**Action item**
Everything in the data below is left aside except the lines from the one containing "2015 Volvo S60" through the one containing "Satlantas Probolinggo Kota"; repeat those exactly.

**Supplied information**
---

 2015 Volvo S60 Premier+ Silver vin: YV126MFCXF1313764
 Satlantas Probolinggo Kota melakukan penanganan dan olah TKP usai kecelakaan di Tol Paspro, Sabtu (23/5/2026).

---

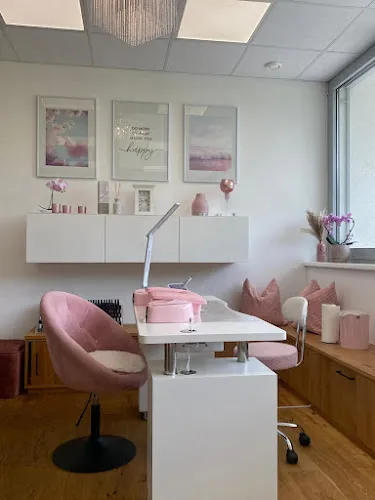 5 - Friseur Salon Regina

---

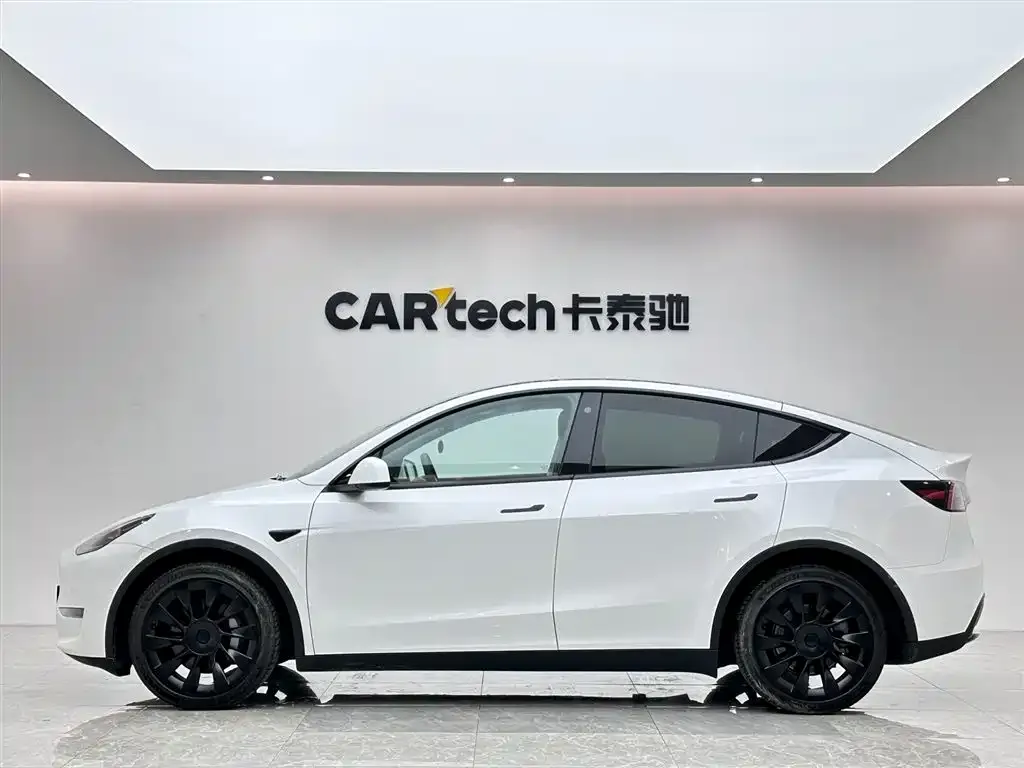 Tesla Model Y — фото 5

---

**Solution to the problem**
 2015 Volvo S60 Premier+ Silver vin: YV126MFCXF1313764
 Satlantas Probolinggo Kota melakukan penanganan dan olah TKP usai kecelakaan di Tol Paspro, Sabtu (23/5/2026).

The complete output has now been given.